## WORK INSTRUCTION
Retype word for word the stretch of entries below from the line that has "Baby sjaal en" through the line that has "Pet Animal Basset", and omit the pictures.

## DATA TO USE
━━━━━━━━━━━━━━━━━━━━

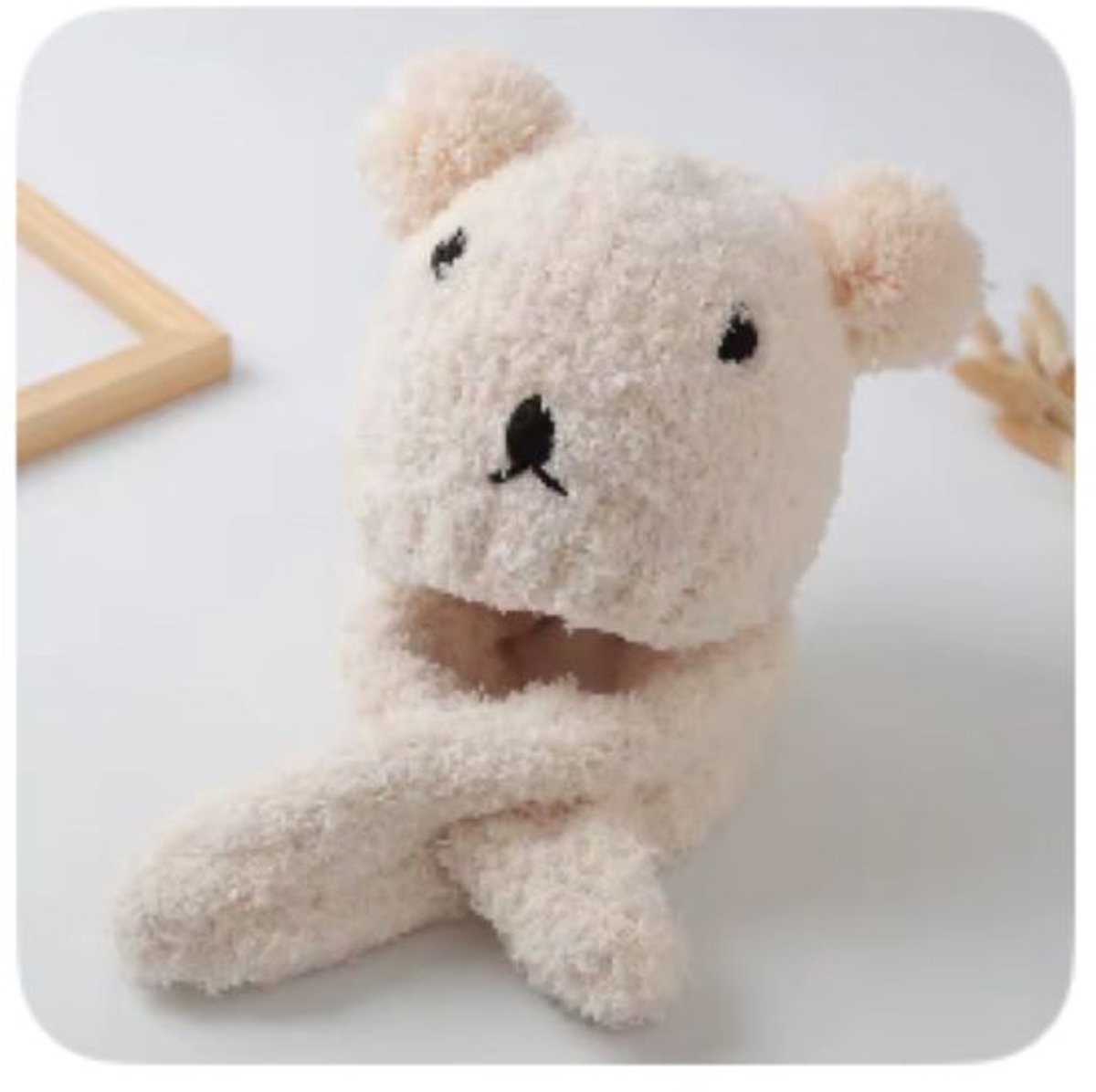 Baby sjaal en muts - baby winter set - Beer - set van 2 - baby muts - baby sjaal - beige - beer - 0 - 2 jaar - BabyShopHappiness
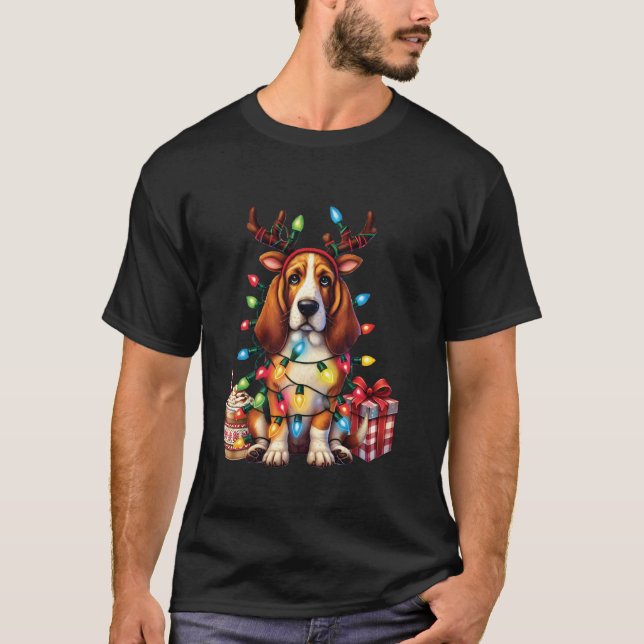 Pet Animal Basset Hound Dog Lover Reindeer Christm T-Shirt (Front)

━━━━━━━━━━━━━━━━━━━━

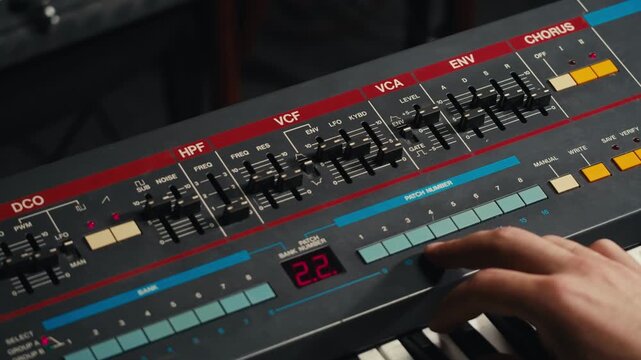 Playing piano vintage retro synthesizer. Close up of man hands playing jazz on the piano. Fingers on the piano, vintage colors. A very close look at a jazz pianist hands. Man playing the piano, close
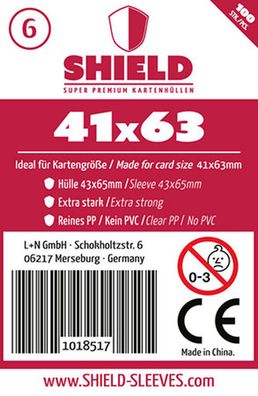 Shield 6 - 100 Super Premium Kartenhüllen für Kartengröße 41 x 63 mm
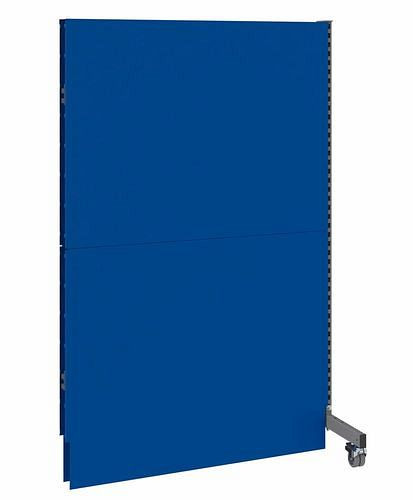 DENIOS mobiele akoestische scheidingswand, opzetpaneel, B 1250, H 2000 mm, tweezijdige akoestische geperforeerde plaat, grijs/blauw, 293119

━━━━━━━━━━━━━━━━━━━━

## SOLUTION FOR THIS PROBLEM
 Baby sjaal en muts - baby winter set - Beer - set van 2 - baby muts - baby sjaal - beige - beer - 0 - 2 jaar - BabyShopHappiness
 Pet Animal Basset Hound Dog Lover Reindeer Christm T-Shirt (Front)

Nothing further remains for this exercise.